Film junkies tend to get lost in the tape and spend a lot of time there. To help us along there’s a lot of pausing, repeating the same play over and over, and most importantly taking notes.

They don’t sound the same? Prove it

Analytics are really just numerous eye tests

Nearly every single piece of data used by the analytics community is the result of an eye test. Let’s use yards per attempt (Y/A) as our example here. Every single pass that’s thrown is seen and verified by the officiating crew, both teams playing, and millions of fans. We’ve all collectively seen what occurred and agreed upon the basic fact that “Josh Allen threw to John Brown for 26 yards and a touchdown.”

Yes, there are occasional anomalies like the now infamous “interception” against the Los Angeles Rams. And yes those need to be considered. Sometimes we’re lucky to have stats like adjusted catch rate that considers drops. Other times we don’t. Ultimately though, an anomaly like that “interception” will get washed out in the good data. If Allen continues his current turnover trends that single data point will be meaningless soon enough.

The Eye Test is nothing more than data sets

But wait! Analytics doesn’t have data on a lot of things. Things like quarterback throwing mechanics, the stance of a lineman, the balance of a running back. Actually, all of those things have data. Remember the last thing I said about the eye test process. Notes.

I’ve shared mine from time to time and close readers likely realized that whenever I hit the film I’m looking for specific items. For a quarterback it might be ball placement, pocket navigation, decision making, etc. Every play. Over and over again. When it comes time to summarize I might write a sentence like “Goff navigated the pocket well despite pressure.” Here’s the catch, that conclusion is based off of using each play as a data point.

So why the conflict?

To be perfectly clear, at their foundations the two processes are the same. They are both inherently observable data points that have been collected to make a broader observation. The key difference is where they are on the spectrum. Analytics relies on much larger data sets that have been independently verified by a collective of observers. The eye test is typically one person’s observations of a smaller data set.
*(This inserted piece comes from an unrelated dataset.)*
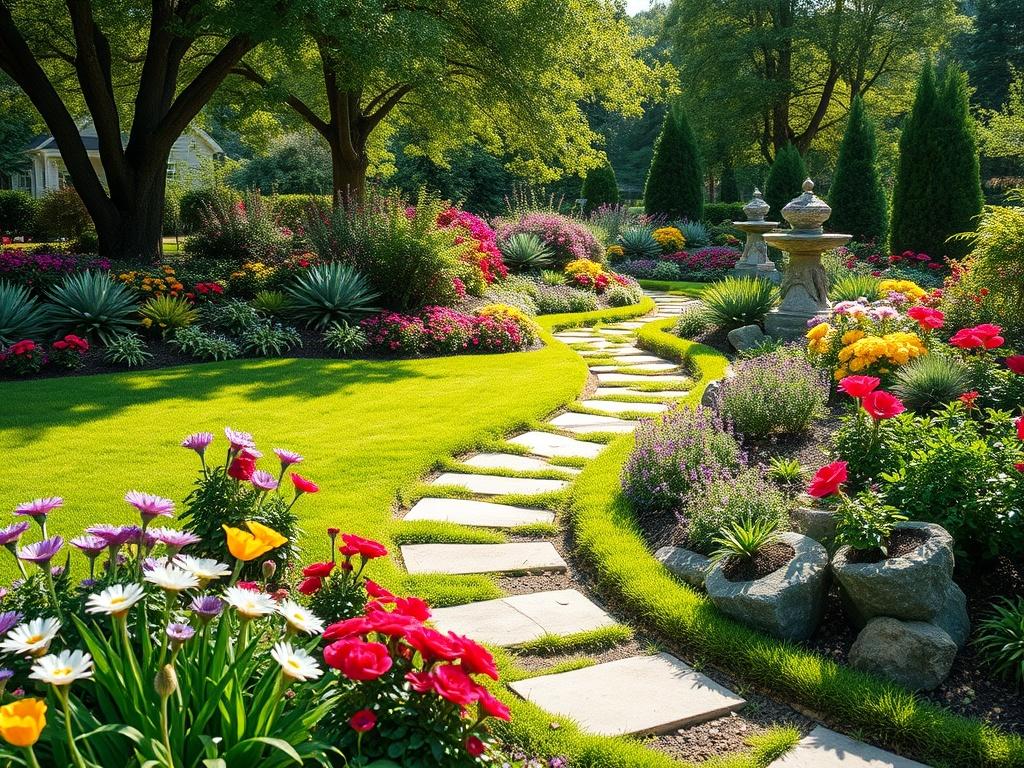 A beautifully landscaped garden featuring vibrant flowers, lush green lawns, and expertly placed decorative stones. The scene showcases a variety of plants in full bloom, with a well-maintained path leading through the garden. Soft sunlight filters through the trees, highlighting the intricate details of the landscape design. The composition focuses on the colorful flowers and greenery, creating an inviting and serene atmosphere.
Like most things in life, there’s a very vocal minority on the extreme sides of things that can give that position a black eye. Some people are too rigid with the data. If I cite interceptions at the end of the year and someone points out the fake one against the Rams I should be open to that discussion. Anyone who is not is too rigid with the data. That gives analytics a bad name.

On the flip side, we’ve all seen eye testers see couple highlights (or lowlights) and base their entire analysis on that. “I love that guy’s balance and ability to move a pile” is a silly argument if the running back is averaging 2.6 yards per carry.

So now what?

I think most of us know that both are valuable so there’s no need for empty platitudes of “THEY’RE BOTH GREAT.” In reality most of us skew one way or the other and that’s the reason for this article. We’re all human and subconsciously choose sides when presented with more than one.

By understanding the roots of analytics and the eye test my hope for all of you is that it leads to the realization that they’re more similar than not, deepening the breadth of knowledge in our already top-notch community.

So here’s the platitude. Once you see that both processes are fundamentally the same, there’s no reason to pick a “side.” Preferences and leanings won’t ever go away and there’s no reason they should. But remember that analytics is nothing more than tons and tons of eye tests slapped together. And eye tests are nothing more than focused data sets.